Повалилась Афимья и глаза замкнула, чтобы не видеть – чтобы только не видеть.

Пошла Петровна ворчливо: эх, и что за народ нонче пошел никудышный, распустёхи, замуздать себя не хотят.

Спустилась в черную яму погребицы. Минуточку малую пробыла там Петровна – и выскочила, как угорелая, ужахнулась, увидала там…

– Господи Исусе! С нами крестная сила, да что ж это такое?

Трижды перекрестилась: уж не наважденье ли? Нет, вот и руки еще все в рассоле…

А в избу Петровна вошла уж такая, какая и была: степенная, строгая, разве только руки чуть приметно дрожали.

Села на лавку в изголовье у Афимьи, рукою прикрыла ей глаза, стала гладить ей волосы – неприбранные.

– Ах, Афимьюшка, ах, сердешная…

И все пуще мелкой треской тряслась Афимья у ней под рукой.

– Эх, Афимьюшка, девонька, вот она жисть-то наша какая. Эх, Афимьюшка, болезная…

И полились в три ручья слезы у Афимьи: как лед вот тронулся, как половодье. Сломался лед – и все, как на духу, рассказала Афимья. И как младенчика хотела всей душой, и как у порога топор взяла, и как была шея Пётрова с морщинами накрест. И как ей попритчился тошный тот дух. И всякое слово обмывала Афимья горючей слезой.

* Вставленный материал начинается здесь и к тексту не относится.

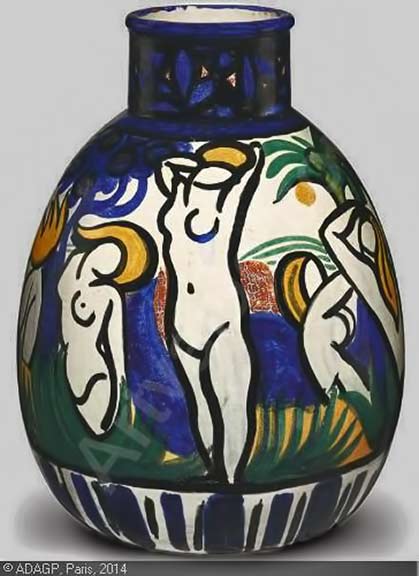 andre-derain-ceramic-vase derain-andre baigneuses-dans-un-paysage christies new-york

Покачала Петровна темным ликом, раскрыла щепоть морщин.

– Эх ты, неразумная! Людей боялась… Людей-то, чего их бояться: себя страшно. Так ведь, а?

Долго толковала Петровна с Афимьей – и оттаяла Афимья, отошла.

С понедельника осень началась, заслезил дождичек меленький. Ничего-о, пущай слезит: зато зеленя хорошо взойдут. И смирно, терпеливо стоят у ворот Афимьиных, мокнут понятые, бабы в кацавейках со всего села, старики с посохами.